Scraped caption text data
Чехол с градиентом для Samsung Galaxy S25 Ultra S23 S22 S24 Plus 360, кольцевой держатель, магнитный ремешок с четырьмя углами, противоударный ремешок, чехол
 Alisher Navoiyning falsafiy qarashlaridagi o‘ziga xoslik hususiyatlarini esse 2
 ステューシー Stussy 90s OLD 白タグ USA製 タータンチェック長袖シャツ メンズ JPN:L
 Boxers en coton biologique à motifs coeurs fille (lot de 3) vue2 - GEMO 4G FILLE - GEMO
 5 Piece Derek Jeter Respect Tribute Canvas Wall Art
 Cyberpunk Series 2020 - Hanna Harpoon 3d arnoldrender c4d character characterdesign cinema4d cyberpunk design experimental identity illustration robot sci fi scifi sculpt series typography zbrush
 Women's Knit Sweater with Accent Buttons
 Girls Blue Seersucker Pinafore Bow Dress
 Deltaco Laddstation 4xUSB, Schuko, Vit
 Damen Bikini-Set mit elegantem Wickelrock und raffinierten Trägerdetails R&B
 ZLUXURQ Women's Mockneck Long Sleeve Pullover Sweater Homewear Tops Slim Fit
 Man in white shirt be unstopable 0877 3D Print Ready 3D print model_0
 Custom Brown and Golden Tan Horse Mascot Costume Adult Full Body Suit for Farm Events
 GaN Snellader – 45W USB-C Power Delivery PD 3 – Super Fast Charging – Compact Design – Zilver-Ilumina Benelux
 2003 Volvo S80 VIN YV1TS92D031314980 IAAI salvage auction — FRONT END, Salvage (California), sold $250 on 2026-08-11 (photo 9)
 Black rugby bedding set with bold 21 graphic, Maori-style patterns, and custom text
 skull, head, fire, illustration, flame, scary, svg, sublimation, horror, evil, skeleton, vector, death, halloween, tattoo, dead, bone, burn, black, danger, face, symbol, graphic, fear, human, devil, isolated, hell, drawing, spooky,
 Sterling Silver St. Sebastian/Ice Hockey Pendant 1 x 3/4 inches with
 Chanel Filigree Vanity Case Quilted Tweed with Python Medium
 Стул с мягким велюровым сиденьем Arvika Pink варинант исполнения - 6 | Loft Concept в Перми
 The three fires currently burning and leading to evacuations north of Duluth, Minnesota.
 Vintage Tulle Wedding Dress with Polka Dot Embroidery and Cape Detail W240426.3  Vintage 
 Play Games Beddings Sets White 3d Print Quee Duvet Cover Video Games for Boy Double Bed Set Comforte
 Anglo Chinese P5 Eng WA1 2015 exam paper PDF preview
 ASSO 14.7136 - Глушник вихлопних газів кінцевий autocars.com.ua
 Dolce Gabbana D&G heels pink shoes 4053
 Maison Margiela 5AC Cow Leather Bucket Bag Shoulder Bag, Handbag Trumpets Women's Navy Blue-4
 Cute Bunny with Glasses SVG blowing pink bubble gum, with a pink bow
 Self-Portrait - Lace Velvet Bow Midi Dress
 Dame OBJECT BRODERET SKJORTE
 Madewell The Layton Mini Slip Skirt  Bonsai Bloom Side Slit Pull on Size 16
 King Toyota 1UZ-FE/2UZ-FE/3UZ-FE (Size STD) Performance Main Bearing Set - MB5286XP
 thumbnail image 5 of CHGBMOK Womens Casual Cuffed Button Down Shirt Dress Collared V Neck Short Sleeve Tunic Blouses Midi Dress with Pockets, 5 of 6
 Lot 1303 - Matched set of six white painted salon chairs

THE PROBLEM: Please go over the data above and copy each line with "Dress" in it.

FINISHED TASK:
 Girls Blue Seersucker Pinafore Bow Dress
 Vintage Tulle Wedding Dress with Polka Dot Embroidery and Cape Detail W240426.3  Vintage 
 Self-Portrait - Lace Velvet Bow Midi Dress
 thumbnail image 5 of CHGBMOK Womens Casual Cuffed Button Down Shirt Dress Collared V Neck Short Sleeve Tunic Blouses Midi Dress with Pockets, 5 of 6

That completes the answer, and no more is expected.